# Visiting the states



## Zepol87 (Jan 1, 2012)

Hey everyone, me and my wife gave been living in Texas and now we are moving to Mexico. She is here illegally and we were wondering if she will be able to come visit my family in Texas at all. She is not getting deported or anything and has never had a run in with the law. Can she just get her passport and visit my family for birthdays and Reunions


----------



## pappabee (Jun 22, 2010)

Zepol87 said:


> Hey everyone, me and my wife gave been living in Texas and now we are moving to Mexico. She is here illegally and we were wondering if she will be able to come visit my family in Texas at all. She is not getting deported or anything and has never had a run in with the law. Can she just get her passport and visit my family for birthdays and Reunions


How in the world do you expect her to get a US passport if she's not a US citizen?
If you're talking about a Mexican passport that might be possible but using it to gain entry back to the US would be tough. 

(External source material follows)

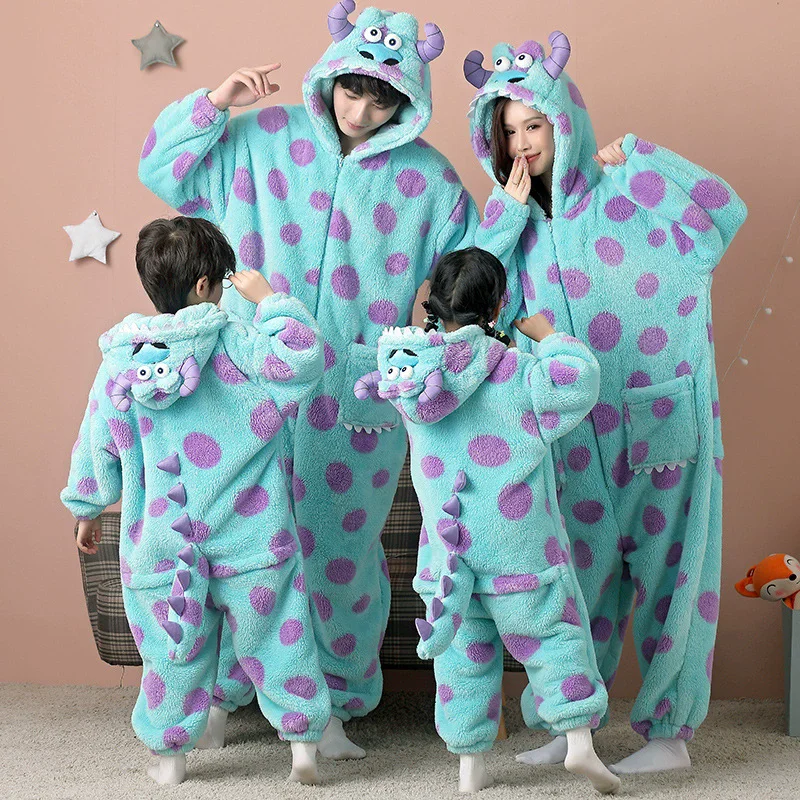 Family Monster Cosplay Sully Costume Blue Anime Outfit Coral Fleece Warm Women Men Boy Girl Halloween Christmas Onesie Jumpsuit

Once she leaves the US getting back in would be breaking the law unless she follows both the Mexican and US immigration laws.


----------



## conklinwh (Dec 19, 2009)

There is another thread on this site that I believe has a useful link for you.
I'm not sure where you were married as I thought a US marriage license required an ID to be presented but if it is a recognized license then maybe the best route is that of a spousal entry as discussed on the other thread. Since she is illegal in the US, expect application needs to be made at consulate in Mexico.


----------



## TundraGreen (Jul 15, 2010)

Zepol87 said:


> Hey everyone, me and my wife gave been living in Texas and now we are moving to Mexico. She is here illegally and we were wondering if she will be able to come visit my family in Texas at all. She is not getting deported or anything and has never had a run in with the law. Can she just get her passport and visit my family for birthdays and Reunions


I assume you mean your wife is a Mexican citizen living in the US without any documentation. If she goes back to Mexico, she can apply for a US visa as your spouse. If they find out she was living in the US illegally, it might be difficult to get a visa.
There is another thread discussing the process of getting a visa for a spouse.
http://www.expatforum.com/expats/mexico-expat-forum-expats-living-mexico/99784-visa-advice.html


----------



## conklinwh (Dec 19, 2009)

Thanks for giving the thread name. I was looking it up. The site name referenced is visa journey.com.


----------



## RVGRINGO (May 16, 2007)

I suspect that, if you were married in the USA, you may find that the US marriage document proves that she was in the USA and might create a problem.


----------



## Ken Wood (Oct 22, 2011)

*Visiting the U.S.*

I agree with most of the postings here; your path might not be an easy one. Also, bear in mind that once in Mexico, a U.S. tourist's visa for her is not a guaranteed thing, especially if your marriage license might generate problematic questions for you. Leaving the U.S. will not be difficult, getting back in might be a challenge, so, do your homework (which you seem to be doing) before you cross the point of no easy return. My answer to your birthday visit question would be "no" you should not plan on making any of those occasions, at least until after a potentially lengthy process of obtaining some paper for her, which could easily take a year or longer. Good luck to you and her.


----------



## Zepol87 (Jan 1, 2012)

Ok thanks guys, yes we got married in Dallas, she got a drivers license back during the amnesty days with her itin number. I was referring to getting a Mexican passport also. Another question, what about vacationing in Europe? Thanks for all your help


----------



## Ken Wood (Oct 22, 2011)

*European vacation*

Vacations to the EU are much easier to facilitate. You'll both need current passports, but there is no pre approval process. I assume you will wait and go from Mexico, since your wife can't get into the U.S. from Europe any easier than she can from Mexico. Also, an added bonus is that European flights from Mexico are quite affordable these days. There's still a 3 month limit on visits, but who can afford to stay longer than that anyway?


----------



## RVGRINGO (May 16, 2007)

So, if she does have a 'paper trail' in the USA, you might find that she won't be able to re-enter any time soon; maybe even be banned for ten years. You really do have a lot of intricate homework to do.


----------



## Zepol87 (Jan 1, 2012)

Ok thanks for the responses everyone


----------



## Crawford (Jan 23, 2011)

Zepol87 said:


> Hey everyone, me and my wife gave been living in Texas and now we are moving to Mexico. She is here illegally and we were wondering if she will be able to come visit my family in Texas at all. She is not getting deported or anything and has never had a run in with the law. Can she just get her passport and visit my family for birthdays and Reunions


If your wife entered the US illegally i.e just walked across the border in say, Arizona, then there is likely no record of her entering the States as far as the immigration department is concerned. You say that she has a driving licence via an amnesty program so not sure how this would figure in to it, but if she entered as proposed I would say that if she leaves the States and obtains a Mexican passport then she will be able to visit the States again albeit on a visa basis.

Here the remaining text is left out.